Hungarian and Finnish are distantly related, but that's it. Turkish is unrelated to them and to Mongolian, which is also unrelated to them. The Altaic language-family hypothesis would have Mongolic languages related to Turkic ones, but that is not bolstered by good evidence and is not accepted by the linguistic establishment in countries where linguists actually follow the scientific method. Mongolic and Turkic languages (as well as some others, most notably the Tungusic ones) show a great deal of similar features that are thought to be areal features diffused a few thousand years ago (timeline off the top of my head). For example, Tuvan, a Turkic language, shows a great deal of Mongolian influence through borrowing and shared culture over a long period, which has resulted in Tuva and Western Mongolia being the two most active modern centers of Central Asian overtone singing.

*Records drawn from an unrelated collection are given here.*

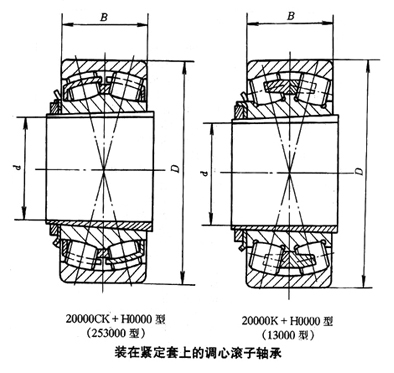 裝在緊定套上的調(diào)心滾子軸承 裝在緊定套上的調(diào)心滾子軸承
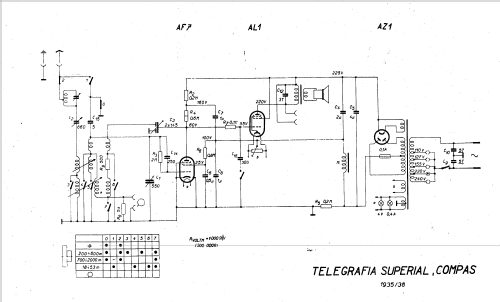 Compas ; Telegrafia, akc. (ID = 20165) Radio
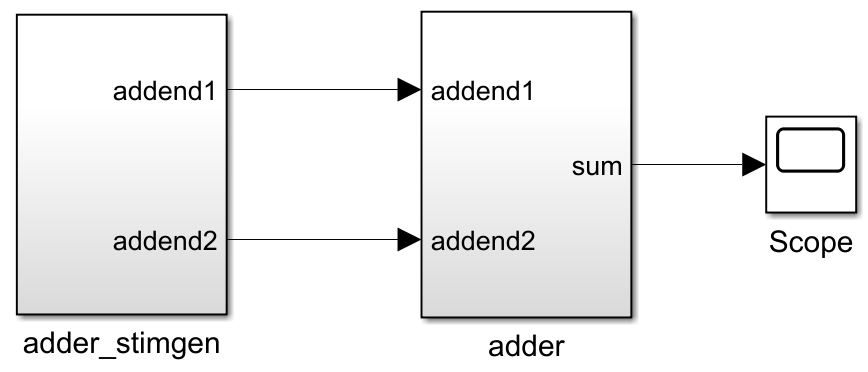 Simulink model MyAdder.slx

In fact, many of these typological features found in Northern Asia are also present in Uralic, but even the Altai hypothesizers don't put Uralic in there. Uralic is the language family that "Finno-Ugric" is in, but we don't really use the latter term anymore because it isn't a primary family and there isn't good evidence that the Ugric and the Finno-Permic have much in common that separates them from the Samoyedic.

So to summarize: Mongolic languages have no proven genetic relationships to any non-Mongolic languages, but they share certain features with languages in a broad belt across Northern and Central Asia that are thought to be the result of areal contact.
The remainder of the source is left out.